Ever since mythologist Joseph Campbell plotted the hero’s journey onto the archetypal monomyth in The Hero With a Thousand Faces, originally published in 1949, his theories have enchanted legions of devoted followers and fanned the flames of detractors. Though Campbell remains popular outside of the academy, numerous scholars in the realms of Comparative Mythology have been critical of his writings (Lundwall, 2006). Campbell’s work has been described as elitist (Segal, 1992, p.42) and culturally imperialistic (Oldmeadow, 2004, p.111), and folklorist Alan Dundes writes of Campbell, ‘there is no single idea promulgated by amateurs that has done more harm to serious folklore study than the notion of archetype (2005, p.397). Feminist critics have also found fault in Campbell’s male-centric heroic monomyth, noting that Campbell’s ‘archetypal female is essentially passive’ (Lefkowits, 1990, p.432).
Even if Campbell’s reputation has suffered slings and arrows at the hands of folklorists and mythologists, his theories continue to influence storytellers and filmmakers. George Lucas famously acknowledged how Campbell’s dissection of the hero’s journey influenced the Star Wars trilogy, and Christopher Vogler turned Campbell’s monomyth into a ‘practical guide’ for screenwriters in his book The Writer’s Journey.
What exactly is this monomyth and why has it become such a lightning rod for both devotion and controversy? As Campbell explains,
A hero ventures forth from the world of common day into a region of supernatural wonder: fabulous forces are there encountered and a decisive victory is won: the hero comes back from this mysterious adventure with the power to bestow boons on his fellow man. (Campbell, 1971, p.30)
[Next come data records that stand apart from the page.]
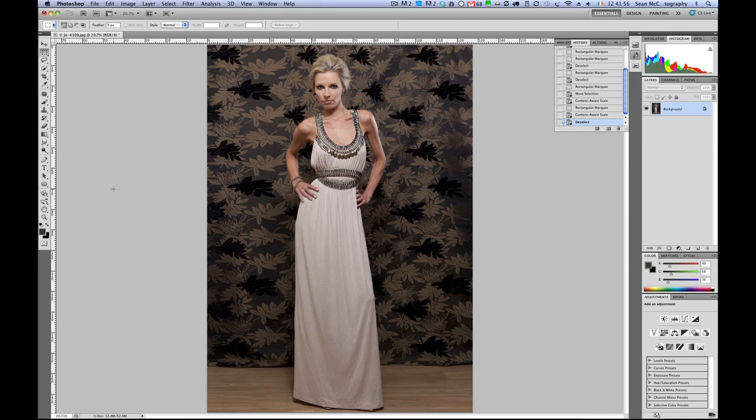We can see that we've extended the frame and the background itself isn't too distracting in this case. It doesn't look too bad — the focus is still on the model, and that's what I use Content-Aware Scale for. Now obviously if you have a situation where you're using a seamless background it looks even more natural. But in this case it doesn't look too bad, and I'm quite happy with the results, especially as it only takes a couple of seconds. So that's Content-Aware Scale.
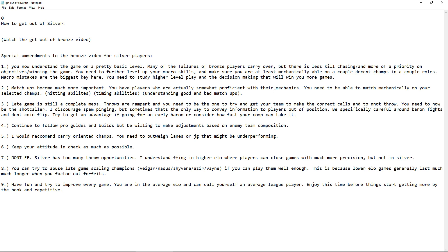So I want to talk a little bit about late game. Late game is still a complete, absolute mess. So throws are rampant and you need to be the one to try and get your team to make the correct calls and to not throw. So you need to be the shot caller. Now in bronze, you can get away with it. You can ping occasionally, but you need to be the shot caller now. So study macro. And if you study macro at all, it'll put you way ahead of the pack in terms of shot calling. So I discourage spam pinging, but sometimes that's the only way to convey information to players out of position.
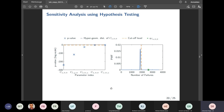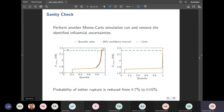With these influential uncertainties identified, you can return to the control design process and derive a controller with increased robustness toward variations in these parameters. To verify the sensitivity analysis, another Monte Carlo run was performed with all uncertainties except the three influential ones. Before removing them, the requirement violation probability was 8.7%. Without these three uncertainties, the probability of violating the requirement was reduced by more than a factor of 100, confirming that these three uncertainties are indeed the most influential for this specific requirement.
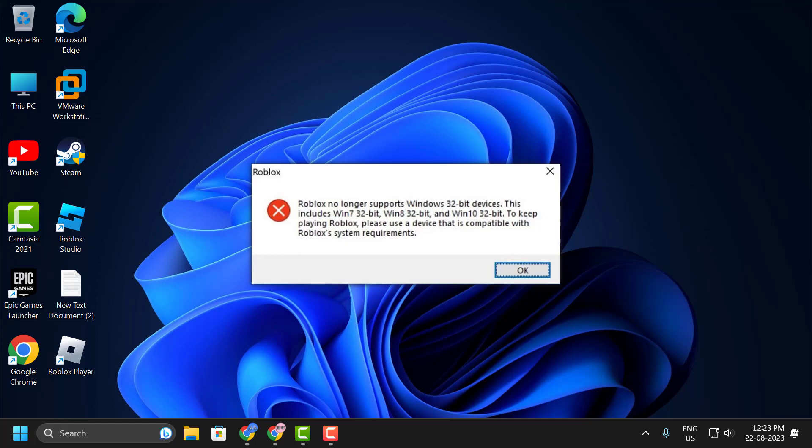Hello guys, welcome to my channel. Today we're going to see how to fix Roblox no longer supports 32-bit devices error. Let's fix it. Before moving on to the video, don't forget to leave a like.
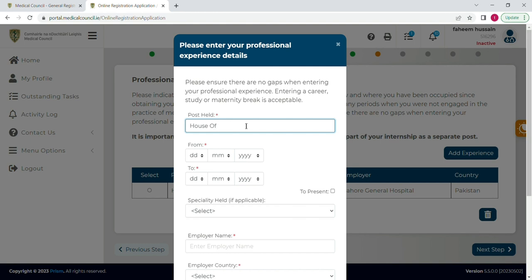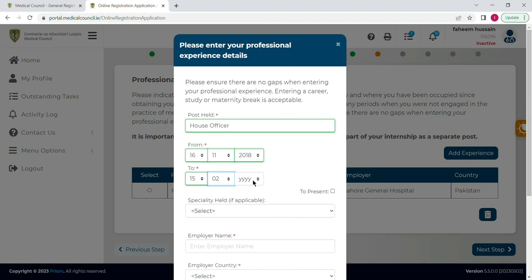In the same way, you have to add all your rotations and house job details one by one. I will add the next rotation details — select post 'House Officer', select the starting date of this rotation, the date on which I completed it, select the specialty, then the employer name, country of hospital, and postal code — following the same process as the first rotation.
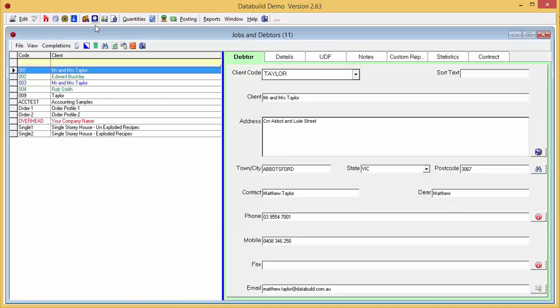Welcome to DataBuild. One of the exciting new changes in DataBuild's latest release is in the Jobs Debtors screen.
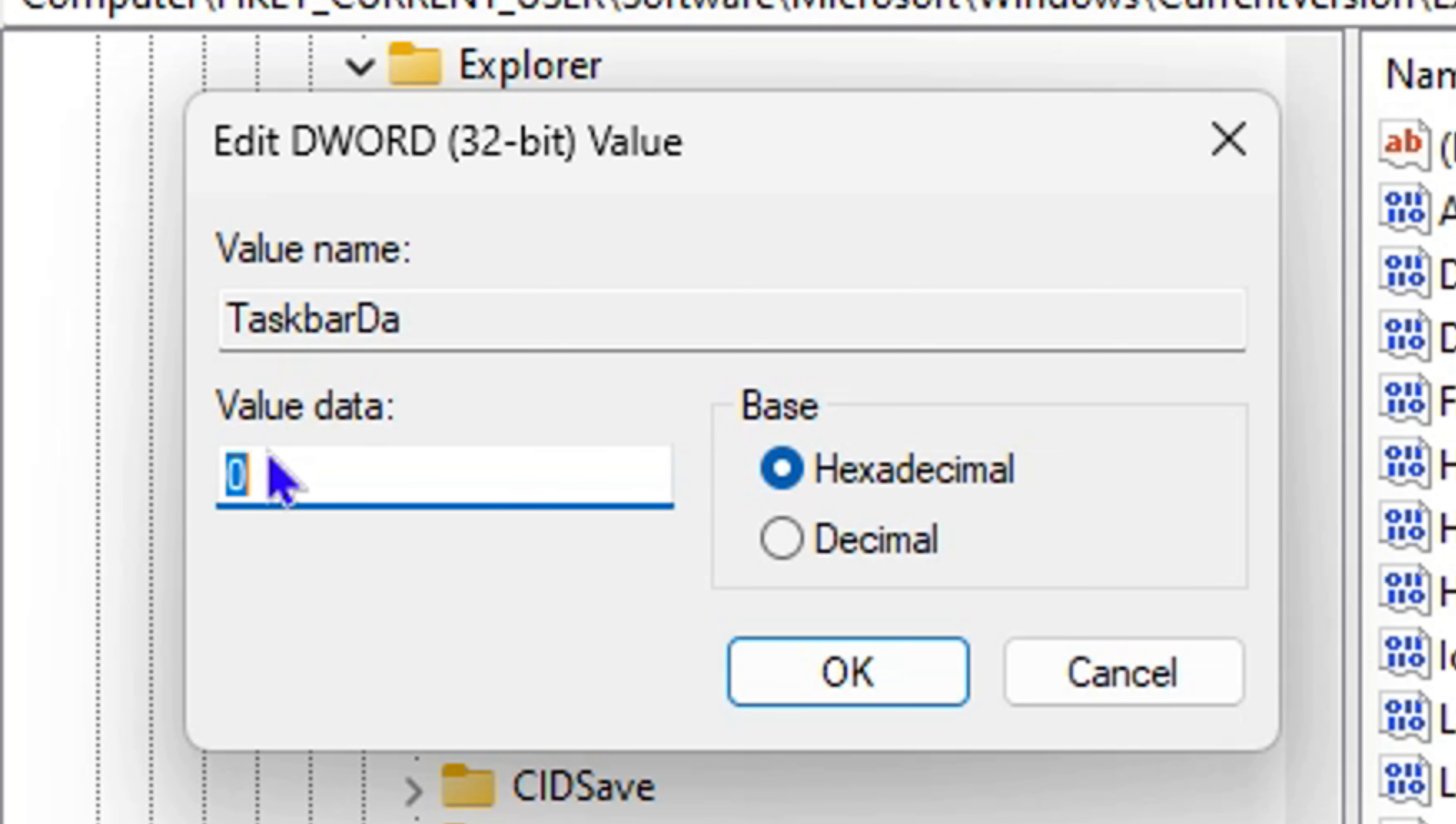This is what controls it. In most cases, you want to change it to zero in order to remove this from the background. Once you find this DWORD, change the value to zero, and then restart your computer.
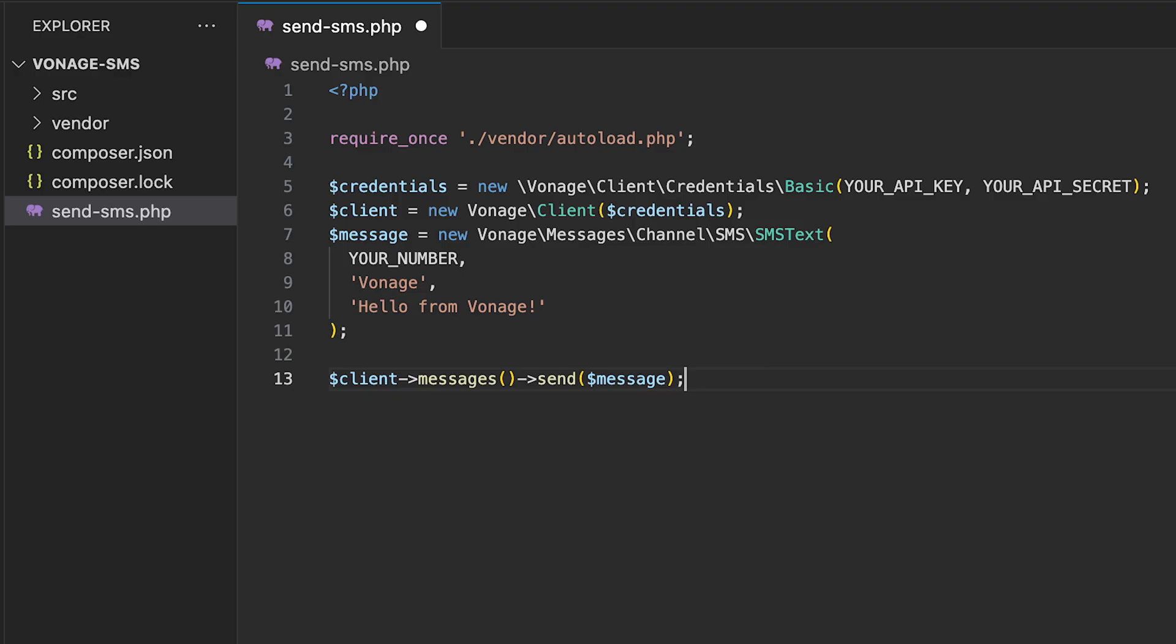Vonage's PHP SDK makes it extremely easy to get started with sending messages. In this tutorial, we're going to send SMS messages with as few lines of PHP as possible.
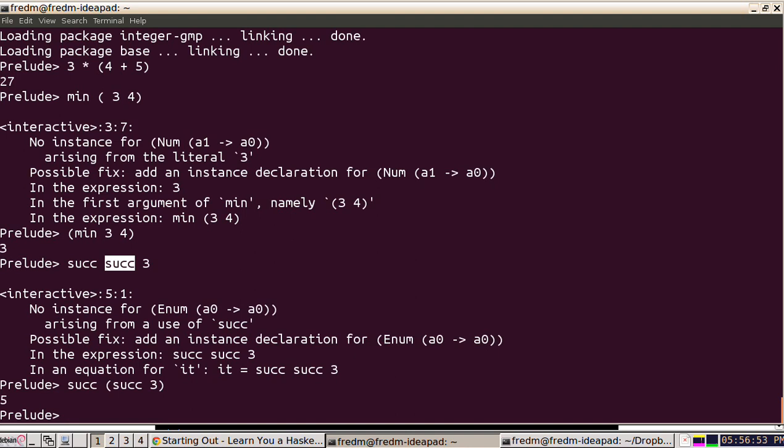So it's fine to liberally use parentheses to get things to evaluate the way you want them to.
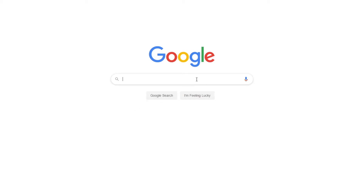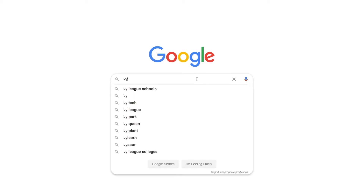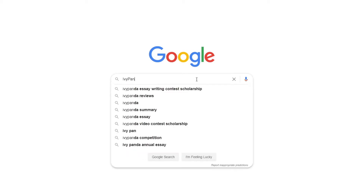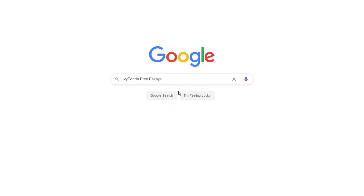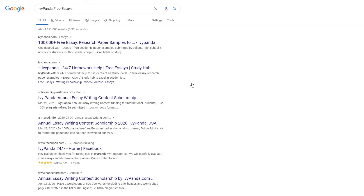This essay example, as well as thousands of others, is available in text format on our website for free and without registration. Simply Google Ivy Panda Free Essays.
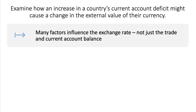We need to examine — it does say 'examine', not 'explain' — so you're looking to bring some evaluation points into your answer. First evaluation point: many factors influence the exchange rate. It's not just about trade and the current account; it's also about the capital account and the financial account. Financial flows into bonds, equities, and other investments might have actually overcompensated for a current account deficit, keeping the exchange rate stable.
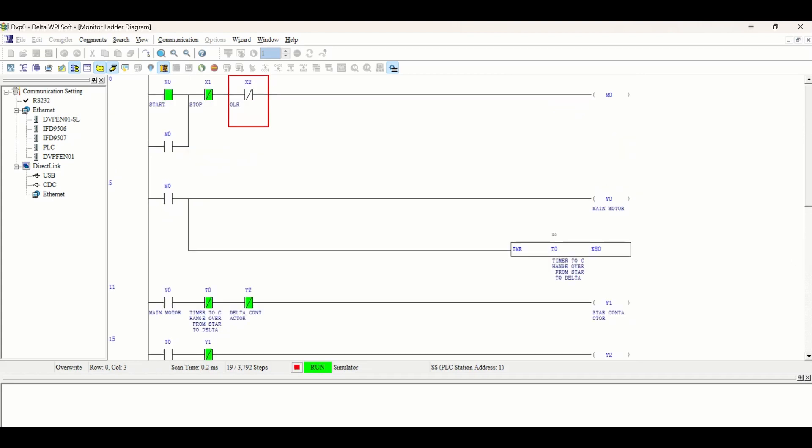Here our interlocks are working very good. This is a basic circuit for star delta starter. Hope you understand, try to make this circuit on your own and practice it because it is very basic and it is also asked in interviews. In one of my jobs, they asked me to draw a PLC ladder logic for star delta starter. Thank you.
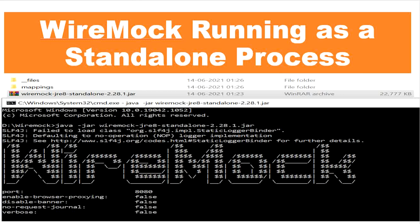Today in this video we will learn how to create a simple API endpoint using JSON files and how to test it using Postman. There are different ways to run WireMock, but today we will run WireMock as a standalone process.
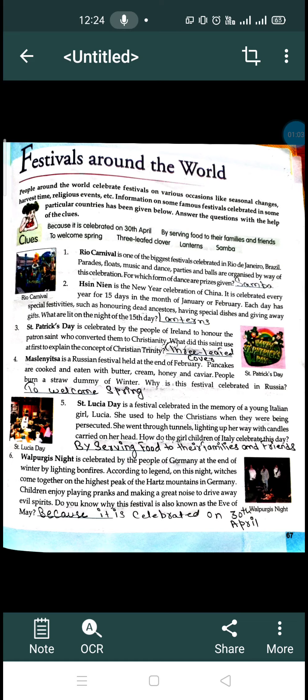The second festival is Hsin Nen. Hsin Nen is a New Year celebration in China. In our country we celebrate New Year in one day, but in China, Chinese people celebrate it for 15 days.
Campbell claims that all mythologies from every culture across the world, spanning all time periods, ultimately have a common narrative—the story of the hero’s journey:
The mythological hero … is lured, carried away, or else voluntarily proceeds, to the threshold of adventure. There he encounters a shadow presence that guards the passage. The hero may defeat or conciliate this power and go alive into the kingdom of the dark … Beyond the threshold, then, the hero journeys through a world of unfamiliar yet strangely intimate forces, some of which severely threaten him (test), some of which give magical aid (helpers). When he arrives at the nadir of the mythological round, he undergoes a supreme ordeal and gains his reward. The final work is that of the return … The boon that he brings restores the world. (pp.245-6)
In his book The Writer’s Journey, Christopher Vogler adapts Campbell’s monomyth for the three-act structure of narrative storytelling. Vogler summarizes:
The hero is introduced in his ORDINARY WORLD where he receives the CALL TO ADVENTURE. He is RELUCTANT at first to CROSS THE FIRST THRESHOLD where he eventually encounters TESTS, ALLIES and ENEMIES. He reaches the INNERMOST CAVE where he endures the SUPREME ORDEAL. He SEIZES THE SWORD or the treasure and is pursued on the ROAD BACK to his world. He is RESURRECTED and transformed by his experience. He RETURNS to his ordinary world with a treasure, boon, or ELIXIR to benefit his world (Vogler, 1998, p.26).
Since Vogler examines this mythic structure from the perspective of storytellers, specifically filmmakers and screenwriters, he is also using this same journey motif to explain the character arc of the hero’s internal journey (Vogler, 213).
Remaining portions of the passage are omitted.